Après, Yardan retenait Sagesse. Car en vérité, qu’étaient Résilience, Courage et Connaissance, si Sagesse ne venait guider son âme au moment de les appliquer ? Comment décider de ce qui était juste, comment distinguer les frontières de ce qui était souhaitable de ce qu’il ne l’était pas ? La démesure du cataclysme était à l’image de la pieuvre abominable qu’ils avaient mise à bas, un monstre de violence terrible et aveugle. Comment faire pour ne pas finir ainsi ? Une force n’en était vraiment une que lorsque celle-ci était canalisée par le biais d’un code, d’une pensée, d’une Vision. La Sagesse était tout cela, et bien plus à la fois. C’était l’éther qui nimbait le monde intangible de l’Agir, pour le changer en Acte.

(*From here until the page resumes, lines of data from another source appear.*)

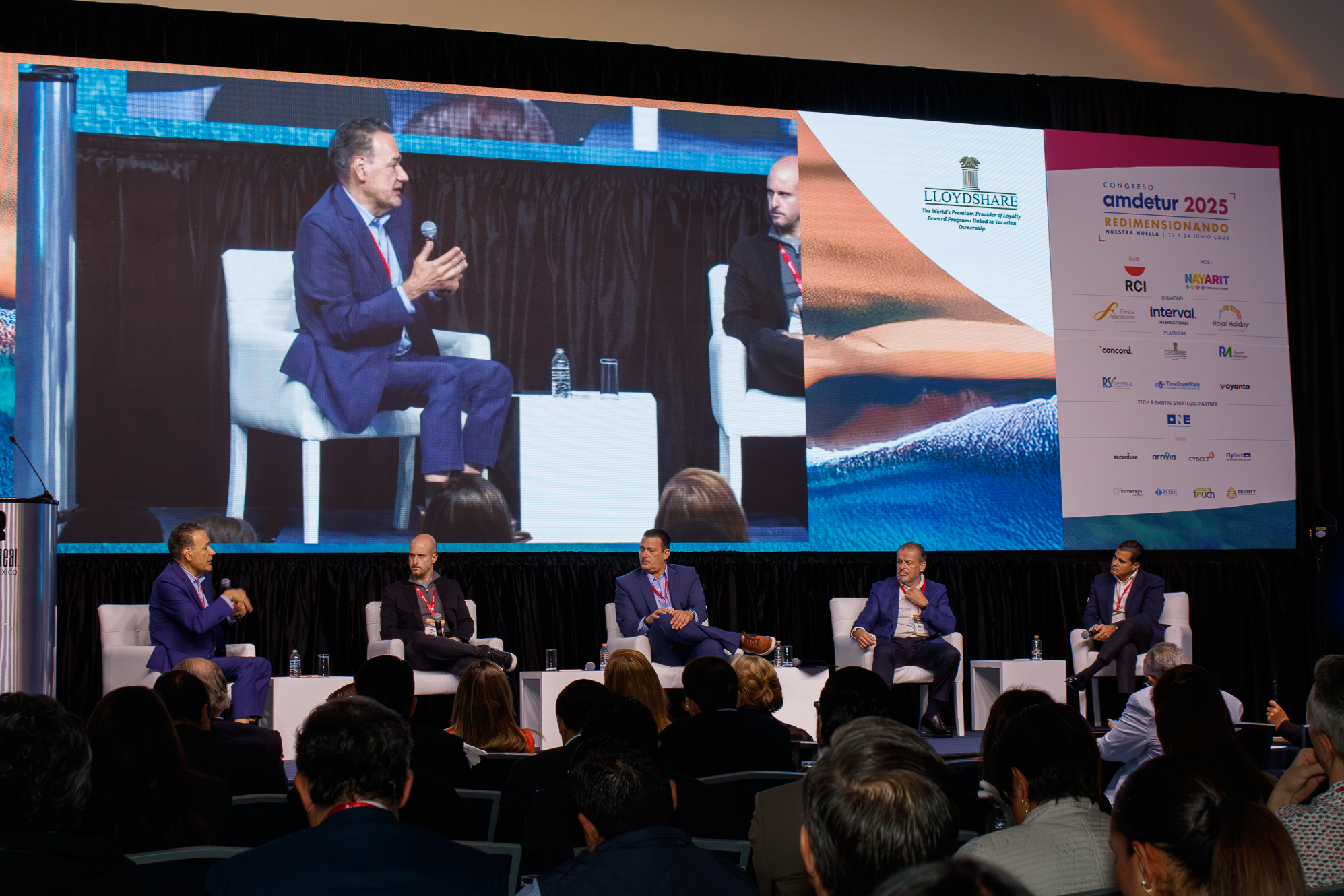 Panel de líderes del sector de la propiedad vacacional en el Congreso AMDETUR 2025 hablan sobre la expansión del tiempo compartido en México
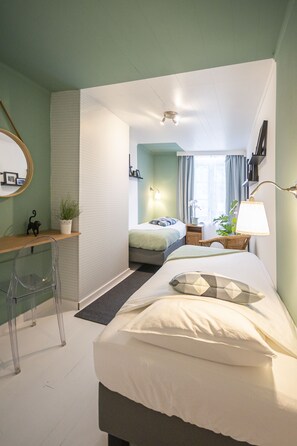 Tabla de planchar con plancha, wifi y ropa de cama 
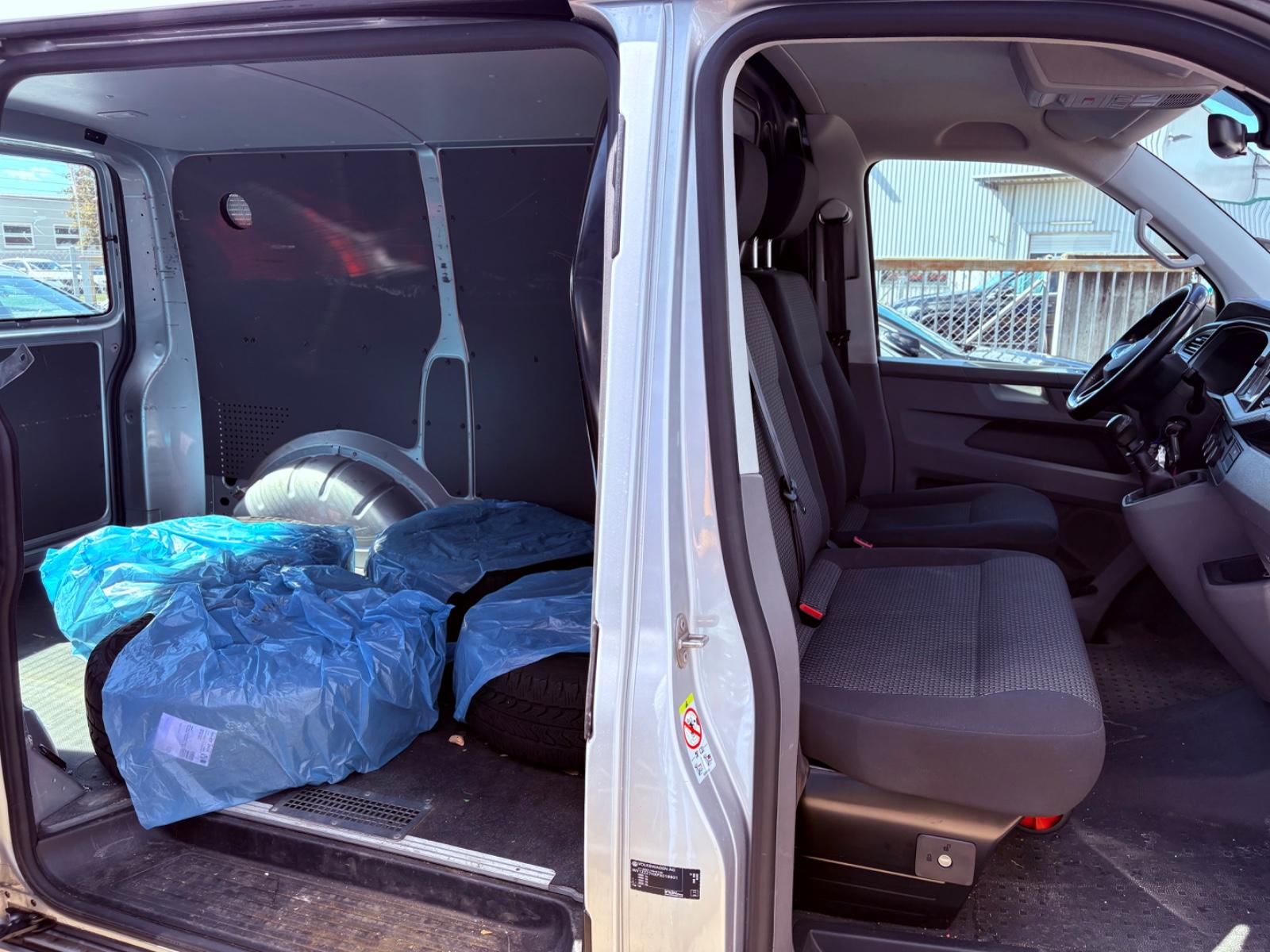 Volkswagen T6.1 Transporter 2.0 TDI Kasten|1.Hand|Navi|R-Ca
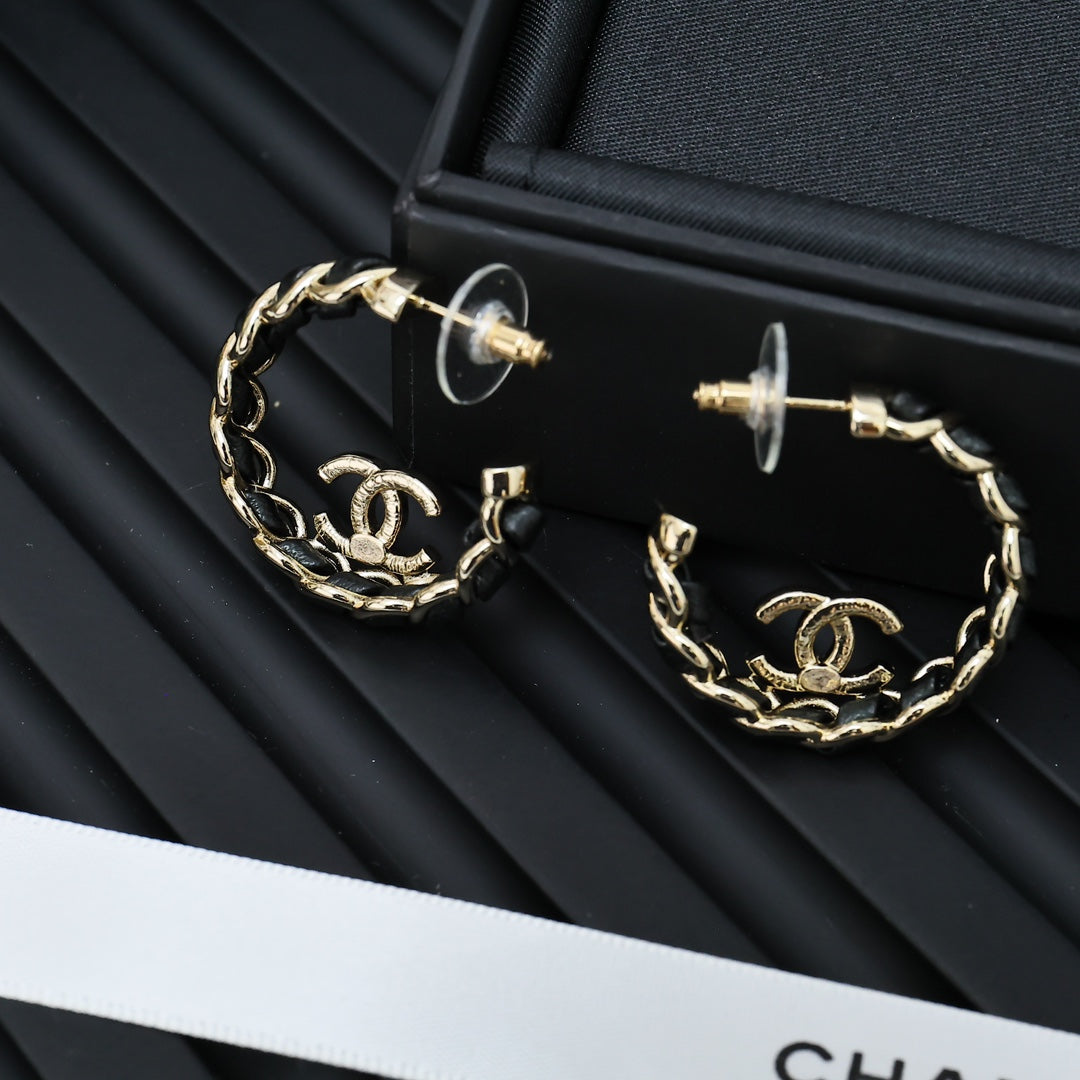 Double-C Emblem Statement Earrings in Gold-Tone – Black Detail – Design 003 detail view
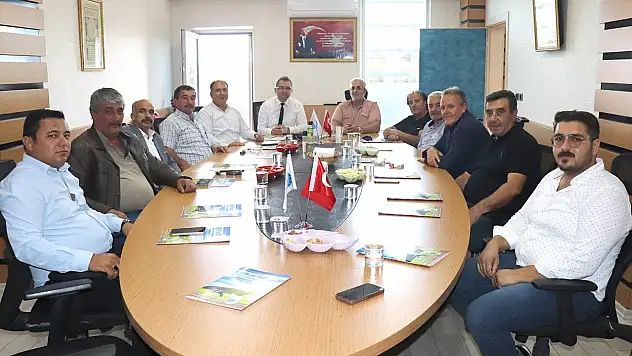 Konya'da süt üreticileri çözüm arayışında: Fiyat dalgalanlamarı, yem maliyetleri gündemde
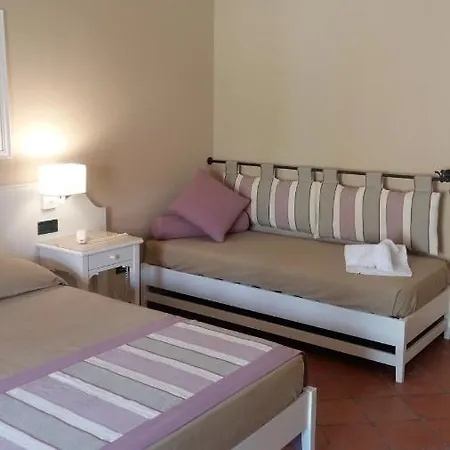 Hotel Igv Club Baia Samuele 4*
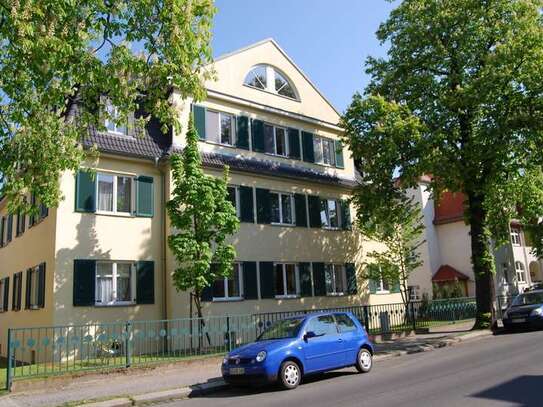 Sehr schöne 3,5-Zimmer-Wohnung mit Balkon zu vermieten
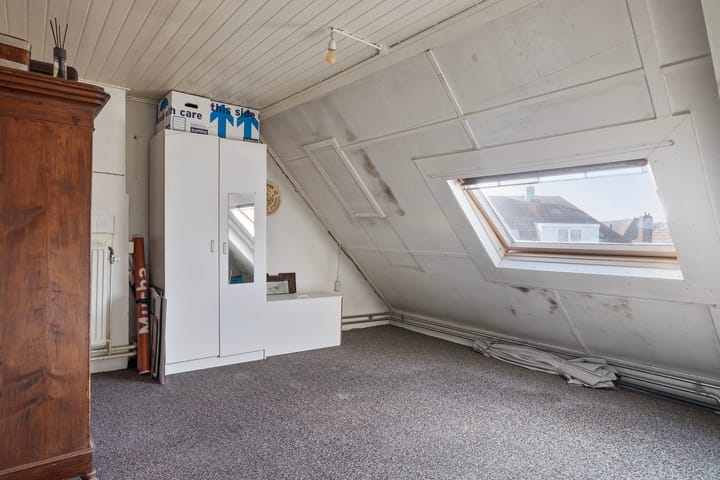 Photo 24 of Robert Regoutstraat 56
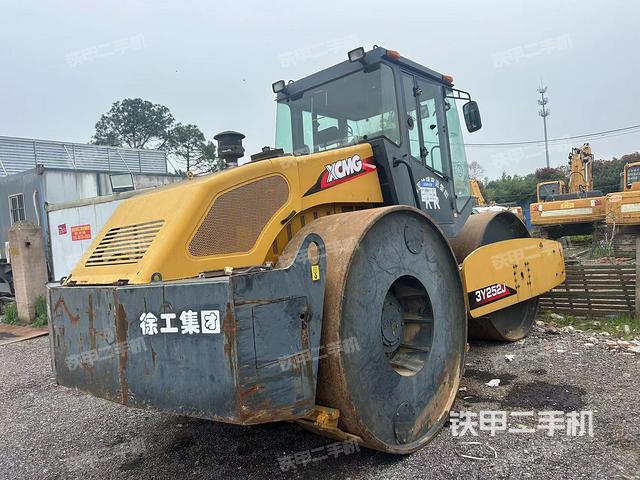 整机右后45°（设备外观及核心部件）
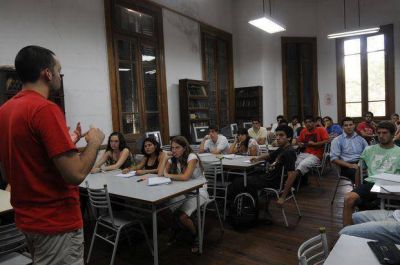 Ofrecen becas de $25.000 para alumnos avanzados de Ingenier�a
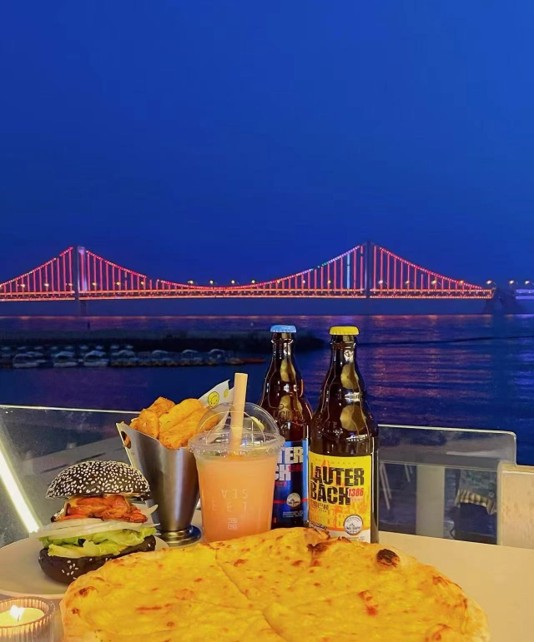 성해광장 바다뷰 카페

Et enfin, un nouveau principe brillait dans l’esprit du moine, pourtant absent de l’Etoile des Dix Vertus de son ordre. Il s’agissait de Compassion et Miséricorde. En effet, Yardan en mesurait la vraie valeur pour la première fois. C’était par compassion que les Dragons avaient secouru les habitants de ce monde en péril. C’était par compassion que Flore avait tendu la main à la vie, et que l’abeille avait fait renaître les fées. L’empathie était cette main tendue, qui avait permis au monde de redevenir monde une nouvelle fois. A bien y réfléchir, le Monastère entier était dans on sens premier une ode à ce don divin, à ce concept si précieux. Pourtant, ce n’était qu’à cet instant que Yardan en mesurait vraiment l’importance. C'était un présent, un engagement envers le Grand Tout. Car si la Compassion s’enchâssait dans la Sagesse, elle en était pourtant parente distincte, et ô combien essentielle.

Résilience. Courage. Connaissance. Sagesse. Compassion.

Ces cinq forces chantant dans son âme, Yardan mit de nouveau la main sur la porte de bois.

Rendez-vous plus loin pour Yardan !

Publié : 07 juil. 2019, 07:25
par Iris
Yardan posa la main sur la porte qui s'ouvrit, et il disparut derrière, laissant ses compagnons face à nouveau à une porte close qui leur livrait à chacun le même message.